───── Data extract

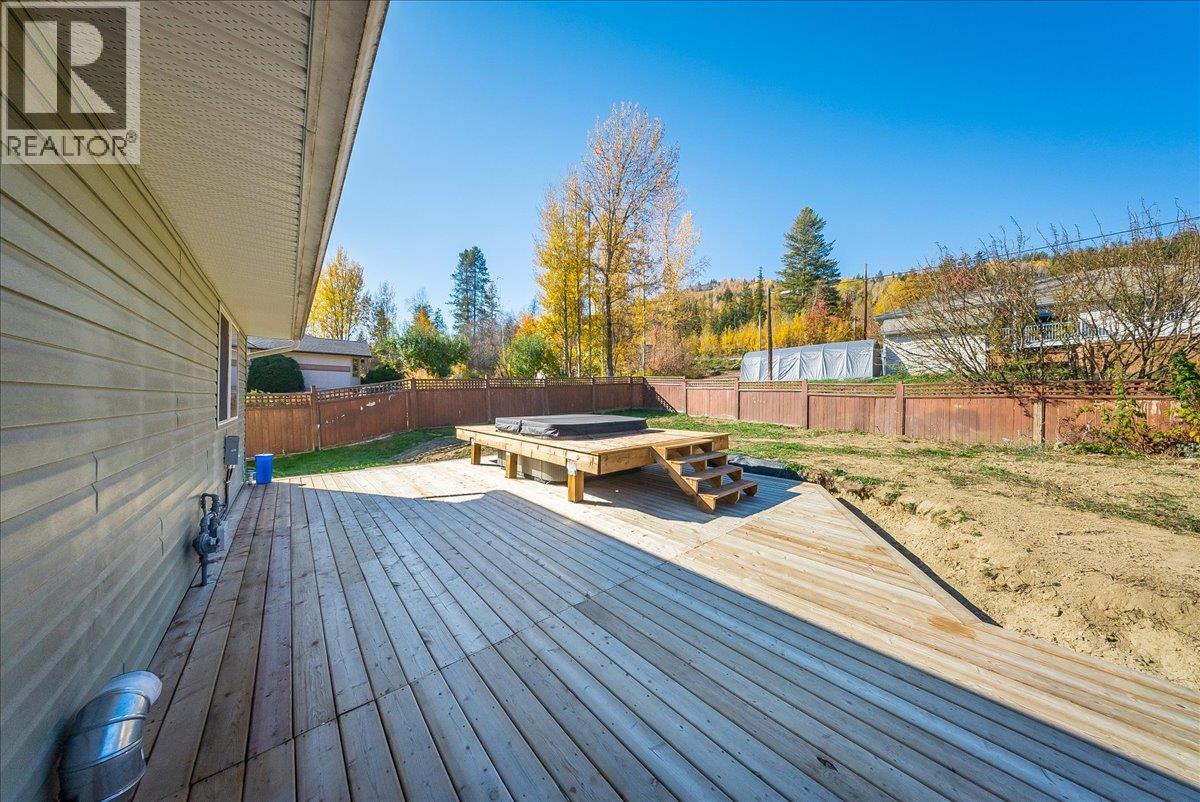 1835 First Street Property Photo 52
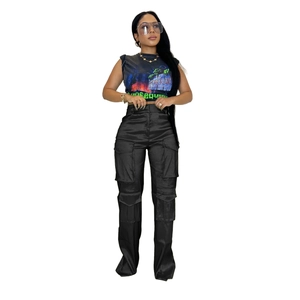 Détail du pantalon cargo noir à taille haute avec poches latérales et style streetwear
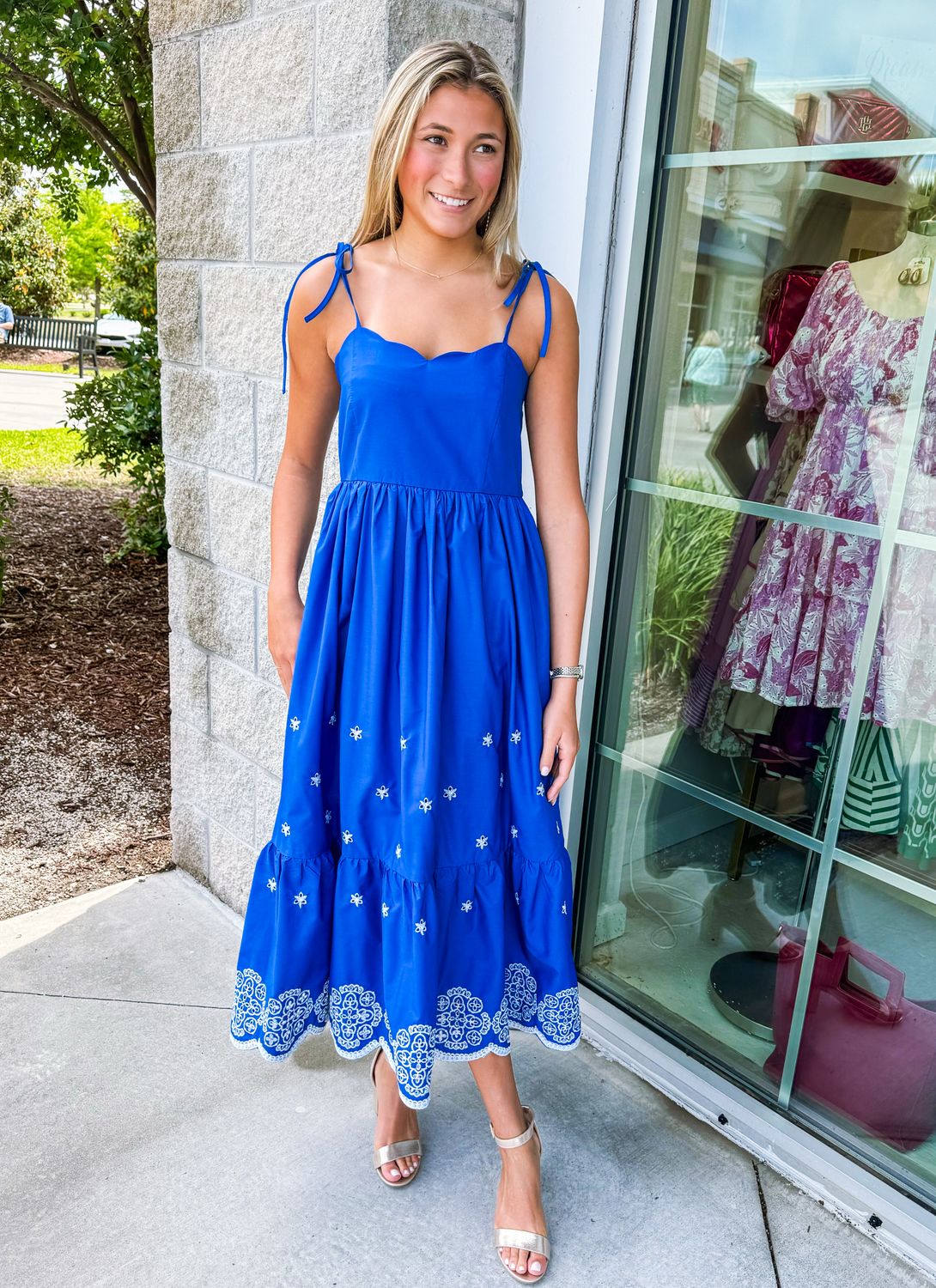 Embroidered Border Hem Midi Dress - Blue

──────────

**Assigned task**
Write out again every line above exactly as given; the pictures do not belong in the copy.

**Solution for this task**
 1835 First Street Property Photo 52
 Détail du pantalon cargo noir à taille haute avec poches latérales et style streetwear
 Embroidered Border Hem Midi Dress - Blue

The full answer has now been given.